(Information supplied)
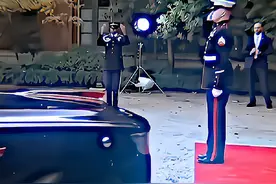 美国旧金山会晤经典名场面 「红旗国宾车霸气出场：什么叫专业!」视频封面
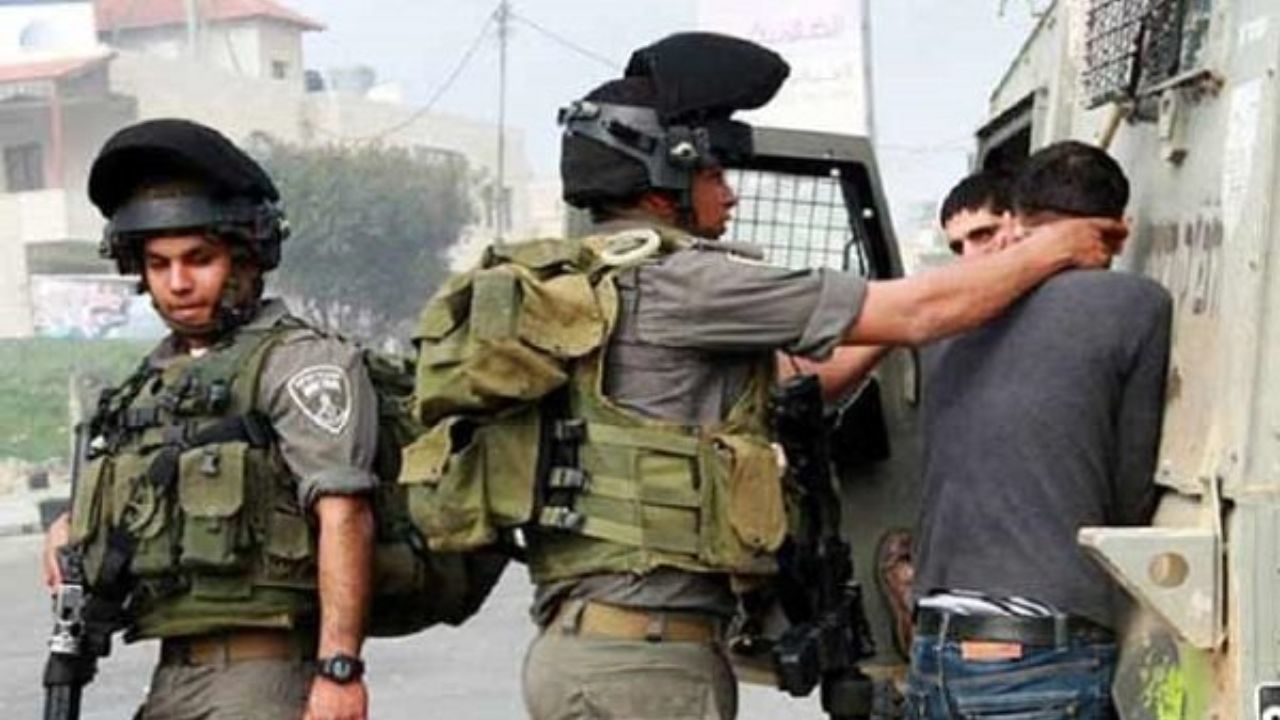 بازداشت فلسطینیان در کرانه باختری توسط صهیونیست‌ها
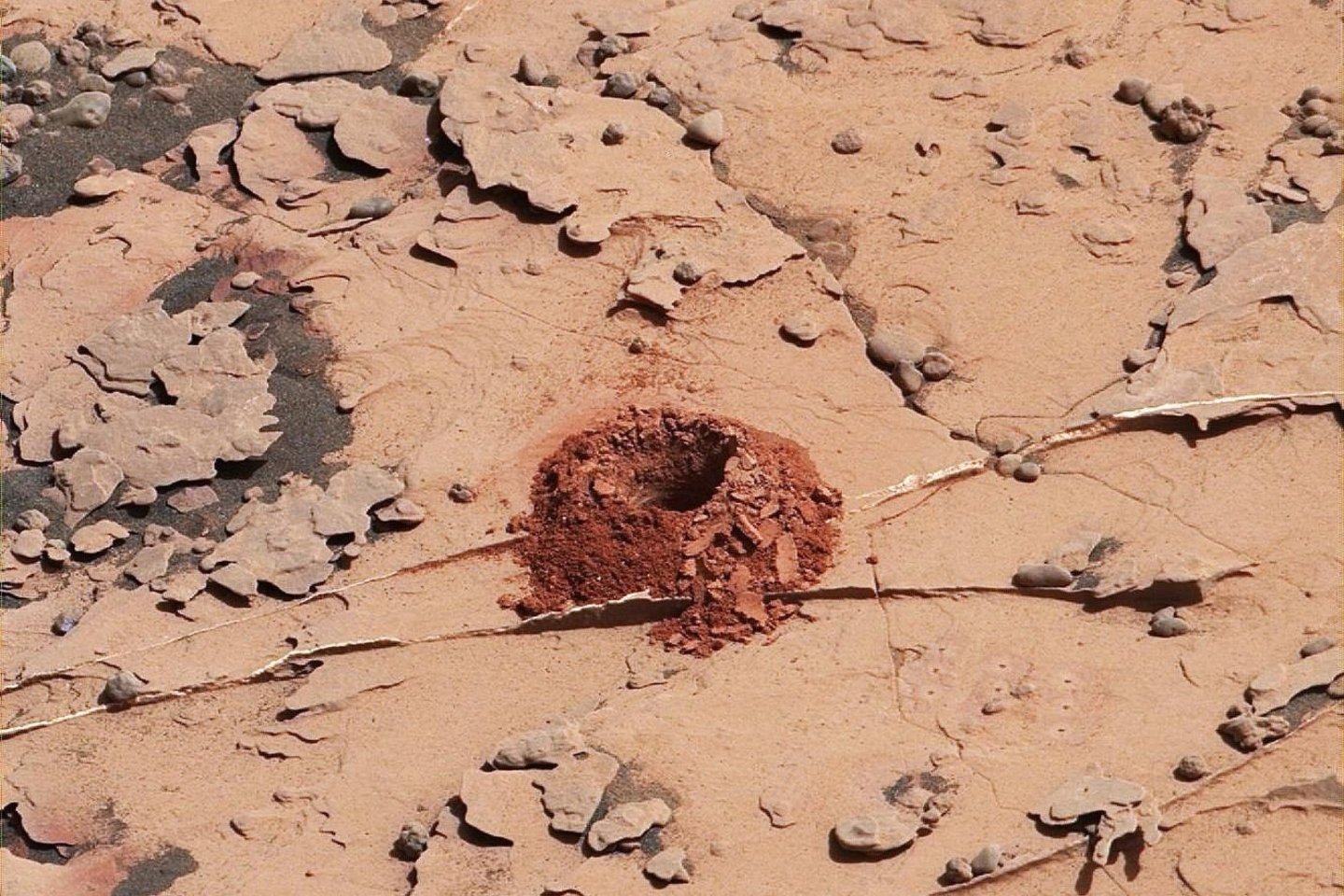  Marsaeigis nuo 2012 m. rugpjūčio iki 2021 m. liepos gręžė ir rinko nuosėdų mėginius keliose kraterio vietose.<br> NASA nuotr.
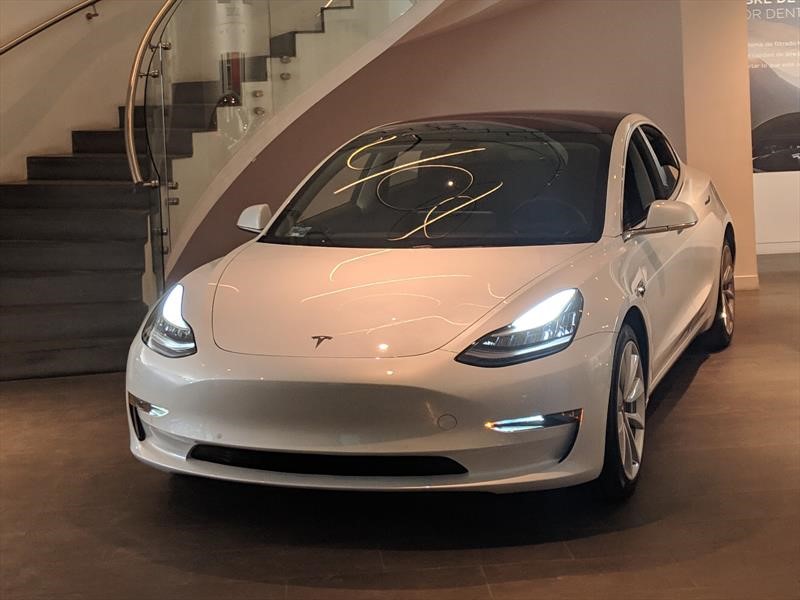 Tesla 3 llega México, el esperado eléctrico ya está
(End Information supplied)
Exclude every picture, then reproduce the remaining data character for character.

Solution to the problem ::
 美国旧金山会晤经典名场面 「红旗国宾车霸气出场：什么叫专业!」视频封面
 بازداشت فلسطینیان در کرانه باختری توسط صهیونیست‌ها
  Marsaeigis nuo 2012 m. rugpjūčio iki 2021 m. liepos gręžė ir rinko nuosėdų mėginius keliose kraterio vietose.<br> NASA nuotr.
 Tesla 3 llega México, el esperado eléctrico ya está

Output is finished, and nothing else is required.